EXERCISE DETAILS
Without the images, output every record exactly as it appears.

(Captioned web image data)
Start of Block
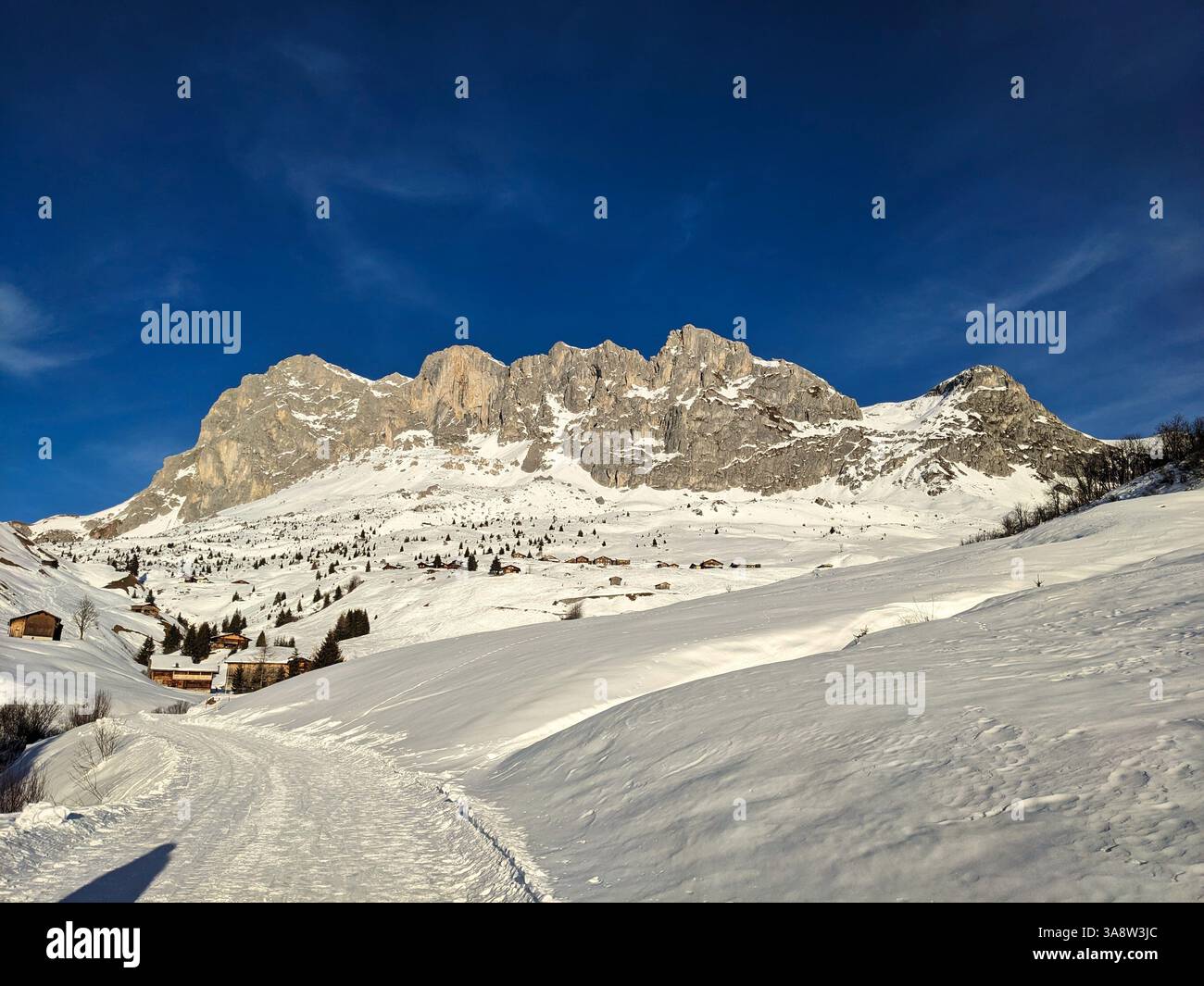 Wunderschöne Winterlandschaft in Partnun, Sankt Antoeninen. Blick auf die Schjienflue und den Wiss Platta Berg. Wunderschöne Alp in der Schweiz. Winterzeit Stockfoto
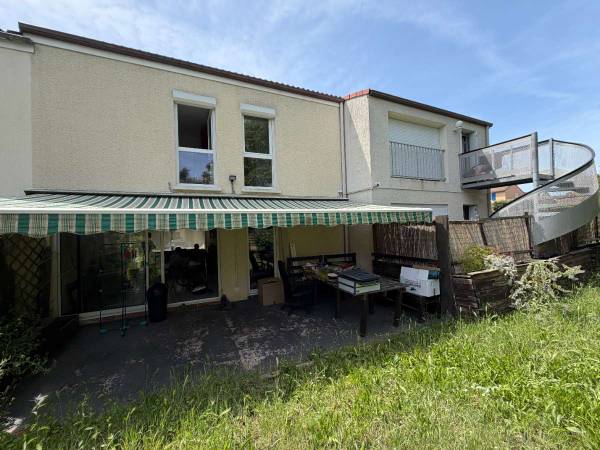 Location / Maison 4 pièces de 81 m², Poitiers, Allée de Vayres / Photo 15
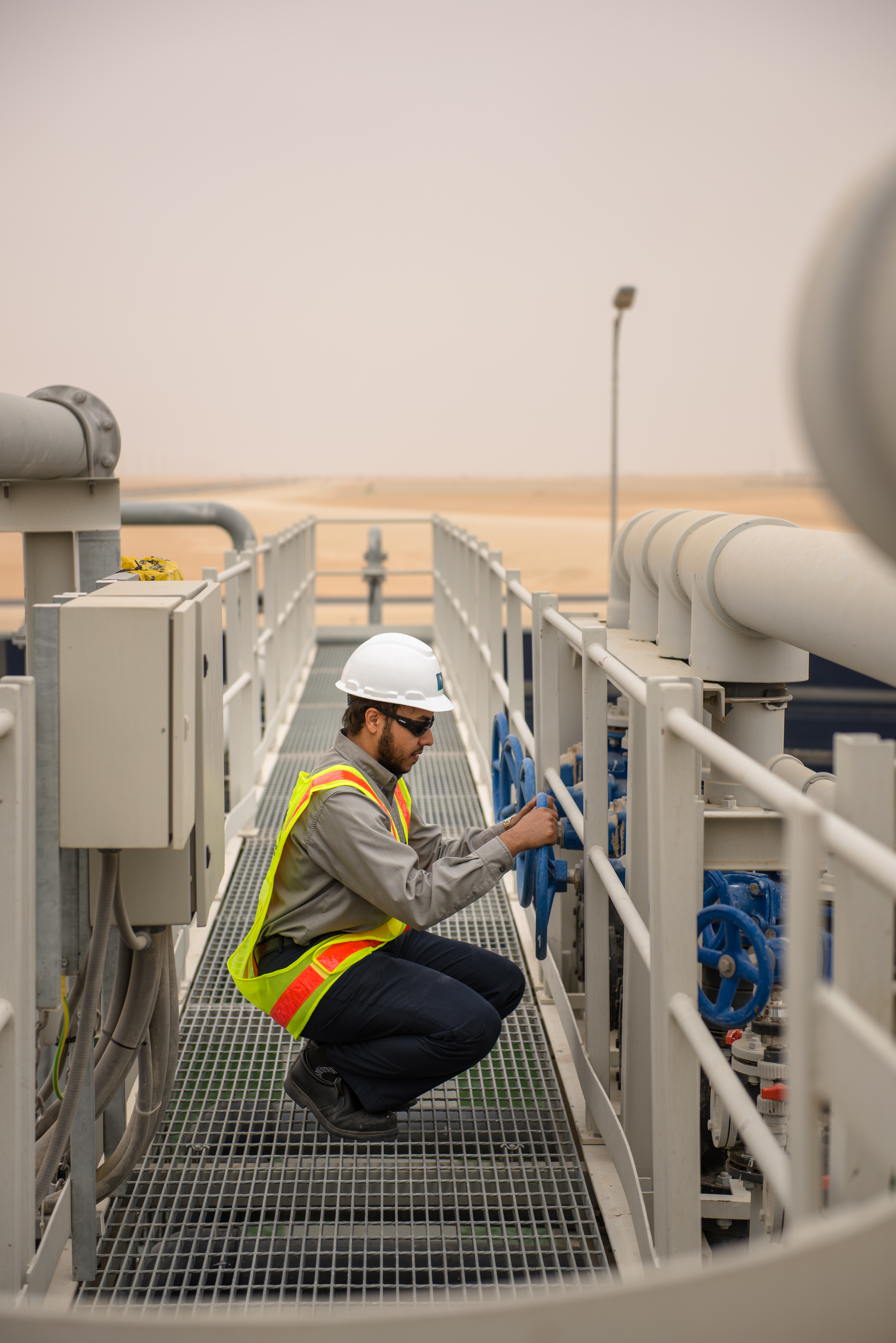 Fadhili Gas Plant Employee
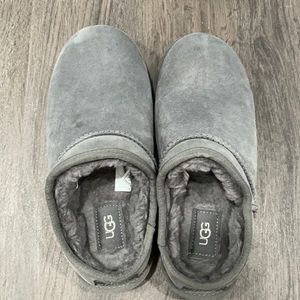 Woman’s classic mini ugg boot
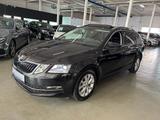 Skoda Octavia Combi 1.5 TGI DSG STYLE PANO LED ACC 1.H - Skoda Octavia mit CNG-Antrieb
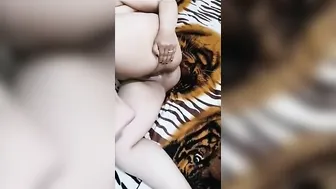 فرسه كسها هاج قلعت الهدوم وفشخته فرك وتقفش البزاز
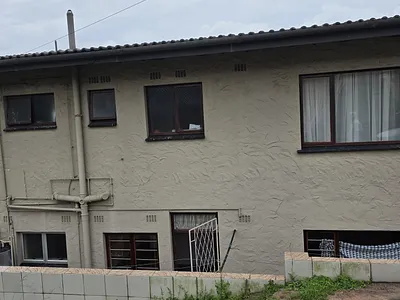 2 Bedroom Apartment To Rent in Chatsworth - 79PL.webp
End of Block
COMPLETED EXERCISE
 Wunderschöne Winterlandschaft in Partnun, Sankt Antoeninen. Blick auf die Schjienflue und den Wiss Platta Berg. Wunderschöne Alp in der Schweiz. Winterzeit Stockfoto
 Location / Maison 4 pièces de 81 m², Poitiers, Allée de Vayres / Photo 15
 Fadhili Gas Plant Employee
 Woman’s classic mini ugg boot
 Skoda Octavia Combi 1.5 TGI DSG STYLE PANO LED ACC 1.H - Skoda Octavia mit CNG-Antrieb
 فرسه كسها هاج قلعت الهدوم وفشخته فرك وتقفش البزاز
 2 Bedroom Apartment To Rent in Chatsworth - 79PL.webp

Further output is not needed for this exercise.